Hacker News new | ask | show | jobs
by _dwt 121 days ago
This (LOC is an anti-metric, Goodhart's Law, etc.) is true, but I'm reaching the point of "fuck nuance" when I see so many articles superficially critical of AI which contain things like this:

> If AI-generated code introduces defects at a higher rate, you need more review, not less AI.

I think that is very much up for debate despite being so frequently asserted without evidence! This strikes me as the same argument as we see about self-driving cars: they don't have to be perfect, because there is (or we can regulate that there must be) a human in the loop. However, we have research and (sometimes fatal) experience from other fields (aviation comes to mind) about "automation complacency" - the human mind just seems to resist thoroughly scrutinizing automation which is usually right.

1 comments

I don't disagree with you entirely here. I probably wasn't clear enough on what I was trying to convey.

Right now AI / Agentic coding doesn't seem is a train we are going to be able to stop; and at the end of the day is tool like any other. Most of what seems to be happening is people let AI fully take the wheel not enough specs, not enough testing, not enough direction.

I keep experiment and tweaking how much direction to give AI in order to product less fuckery and more productive code.

Sorry for coming off combative - I'm mostly fatigued from "criti-hype" pieces we've been deluged with the last week. For what it's worth I think you're right about the inevitability but I also think it's worth pushing a bit against the pre-emptive shaping of the Overton window. I appreciate the comment.
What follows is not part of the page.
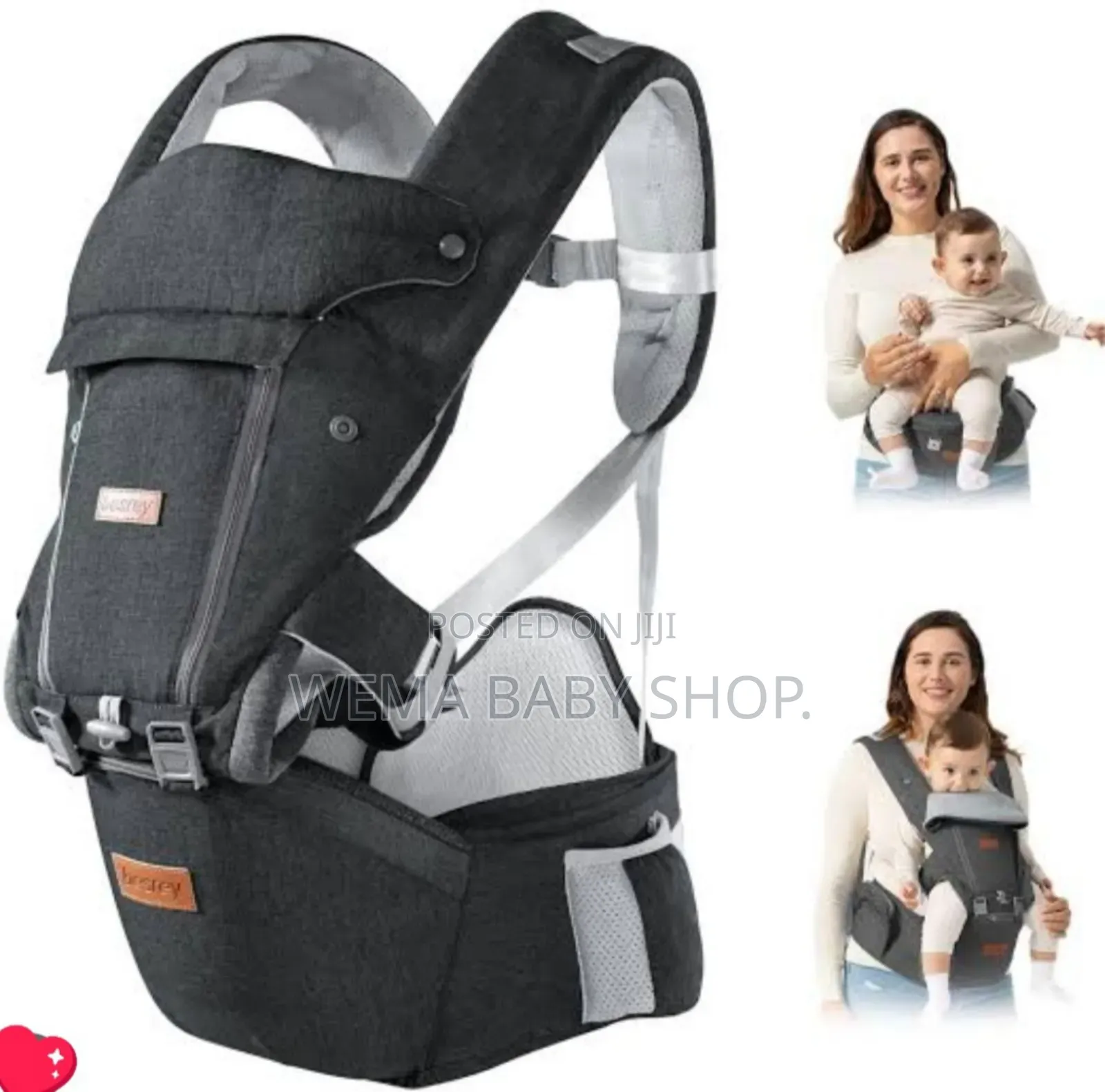 Baby Carrier With A Hip Seat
I don't know how to encourage the kind of review that AI code generation seems to require. Historically we've been able to rely on the fact that (bluntly) programming is "g-loaded": smart programmers probably wrote better code, with clearer comments, formatted better, and documented better. Now, results that look great are a prompt away in each category, which breaks some subconscious indicators reviewers pick up on.

I also think that there is probably a sweet spot for automation that does one or two simple things and fails noisily outside the confidence zone (aviation metaphor: an autopilot that holds heading and barometric altitude and beeps loudly and shakes the stick when it can't maintain those conditions), and a sweet spot for "perfect" automation (aviation metaphor: uh, a drone that autonomously flies from point A to point B using GPS, radar, LIDAR, etc...?). In between I'm afraid there be dragons.
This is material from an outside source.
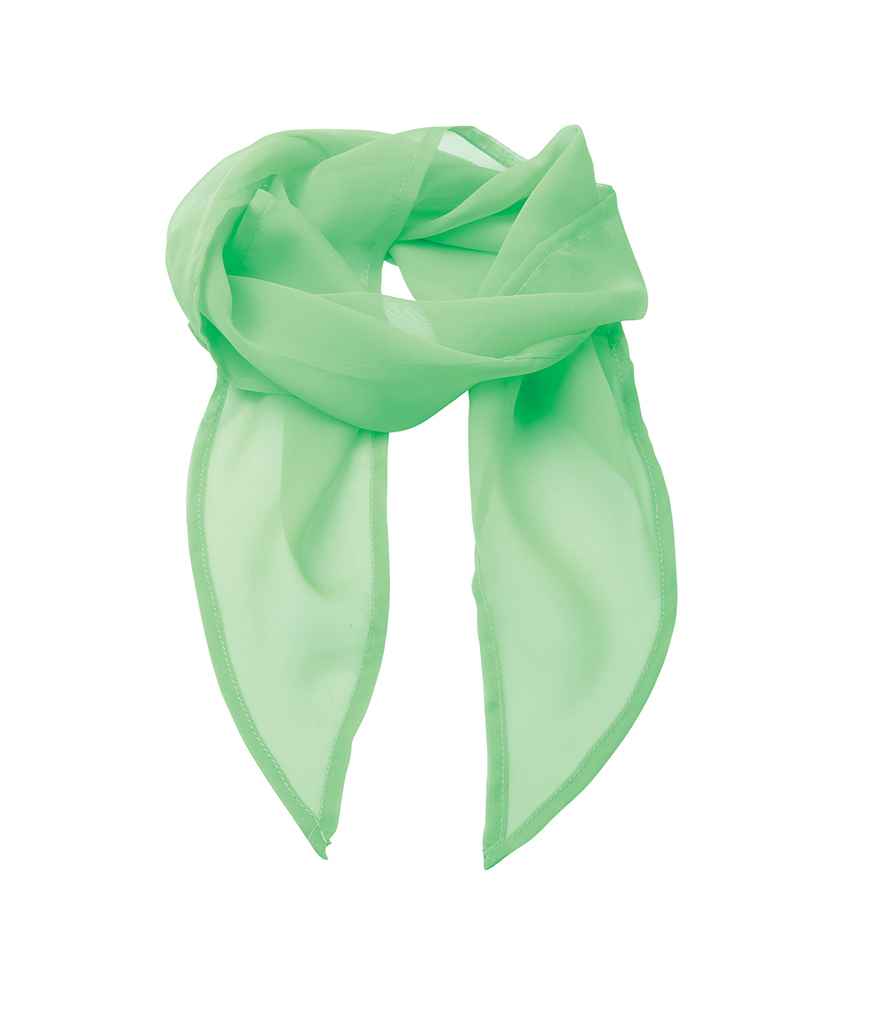 Premier 'Colours' Chiffon Scarf - Apple Green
@_dwt don't worry you didn't I appreciate good discussion and criticism. The publication is new and I'm still trying to calibrate my voice and style for it.

>I don't know how to encourage the kind of review that AI code generation seems to require. Historically we've been able to rely on the fact that (bluntly) programming is "g-loaded": smart programmers probably wrote better code, with clearer comments, formatted better, and documented better. Now, results that look great are a prompt away in each category, which breaks some subconscious indicators reviewers pick up on.

I don't anyone knows for sure, we all are on the same boat trying to figure it out how to best work with AI; the pace of change is making it so incredibly difficult to keep or try things. I'm trying a bunch of stuff at the same time:

-https://structpr.dev/ - to try to rethink how we approach PR reading, organizing review (dog-fooding it right now so is mostly alpha)

- I have an article schedule next week talking about StrongDMs Software factory, there are some interesting ideas there like test holdouts

- Some experiments in the Elixir stack for code generation and verification that go beyond it looks great. AI can definetively create code that _looks_ great but there is plenty of research that shows a lot of AI generated code and test can have a high degree of false confidence.